With a wave of the baton, you are the head of the agricultural credit system.
You manage a portfolio of 592,000 agriculture-related clients holding 946,119 loans totaling $ 315 billion, including $ 113 billion in real estate debt alone, according to FCS data from December 2020. These numbers keep most people from sleeping at night. but you sleep like a baby because your staff understand the risk and how to âpriceâ loans based on the five Cs of the loan: collateral, principal, character, capacity, and terms.
Recently, however, a sixth and a seventh “C” has lengthened your sweatier days and nights: climate change.
How do you factor into your loans the unknown damage hurricanes, floods, droughts, harsher winters, and hotter, larger and more frequent growing seasons will have on agriculture?
The only solace you have found so far is that you are not alone. Other agricultural lenders like commercial banks, insurance companies and the US Department of Agriculture’s Farm Service Agency are also looking for answers.
In fact, all of them have been fumbling for years, notes Dr Steve Suppan, senior policy analyst at the Institute of Agriculture & Trade Policy, in a detailed report titled “Agricultural finance for climate resilience,” released last fall.
Worse yet, the best answers to date – âlarger and more frequent ad hoc disaster payments and growing subsidies for private crop insurance out of taxpayer fundsâ – are clearly ânotâ. viable from a budgetary, economic or environmental point of view â.
Still, a reformed federal crop insurance program could be a key part of a new climate flexible loan program. The reason is obvious: the need is so great – there was $ 83.5 billion in âweather and climate (losses)â from 2001 to 2016 – that only government can manage the risk.
More importantly, Suppan explains, âCrop and livestock insurance policies could be writtenâ¦ to reduce premiums and increase compensation payments for farmers and ranchers complying with practicesâ¦ to reduce sources of harm. greenhouse gas emissions. “
The reverse could also become law: insurance premiums will increase and coverage will decrease for farms, which will exacerbate climate problems. It is a smart government; much smarter, in fact, than signing up to dubious carbon sequestration programs that the big farm groups are pushing now.
Lenders have other ways to encourage climate-friendly and therefore loan-friendly agriculture. For example, explains a recent report titled “Financing Resilient Agriculture” from the Environmental Defense Fund, “Lenders can set differential interest rates” – which means lower rates – “for loans … to farmers with attributes positive âsuch as climate-friendly practices.
At present, however, “lenders have a blind spot when it comes to understanding the links between conservation adoption and farm finances”, especially with carbonated livestock production methods. Big Ag. This is something Congress can resolve quickly, if it commits to ensuring climate resilience in the coming decade.

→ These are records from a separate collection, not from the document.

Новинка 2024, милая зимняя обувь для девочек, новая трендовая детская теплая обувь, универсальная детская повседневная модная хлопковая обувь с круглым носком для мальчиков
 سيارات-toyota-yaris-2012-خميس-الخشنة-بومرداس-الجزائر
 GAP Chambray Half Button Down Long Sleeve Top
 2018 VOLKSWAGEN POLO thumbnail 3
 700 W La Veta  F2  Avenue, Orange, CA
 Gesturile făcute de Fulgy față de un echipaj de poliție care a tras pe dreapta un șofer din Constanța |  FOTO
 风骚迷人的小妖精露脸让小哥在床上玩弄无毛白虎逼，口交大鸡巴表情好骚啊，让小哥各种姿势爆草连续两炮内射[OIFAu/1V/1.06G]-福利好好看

For example, since the agricultural credit system is a GSE or a government funded enterprise, it receives business benefits due to its special status. As such, Congress could ask him to make climate-friendly loans the norm for all loans to farmers, ranchers, cooperatives and rural communities.
Congress could ask the USDA to do the same for its direct agricultural loans, estimated at $ 17 billion in 2018. If commercial lenders were added, Congress could influence an additional $ 170 billion in agricultural loans.
To get an even greater impact of climate change for their dollars, Congress (and lenders) could offer even larger loans and larger federal crop and livestock insurance grants to farmers who add (or add to) ) a complementary crop / grazing / livestock farm or ranchers business to maximize climate change mitigation.
There are other actions that affect the climate that lenders could take – making soil health a measure in loan appraisals, putting drinking water incentives in loans, directing borrowers to loans. relationships âin the longer term – to make agriculture more climate-friendly and more sustainable.
Whatever action is taken, it must be done quickly; there is no time to waste on false solutions to real problems. And farmers and ranchers should flock to join if, that is to say, they really hope to live out their belief as “early environmentalists.” Plus, it’s a steal now, and decades from now.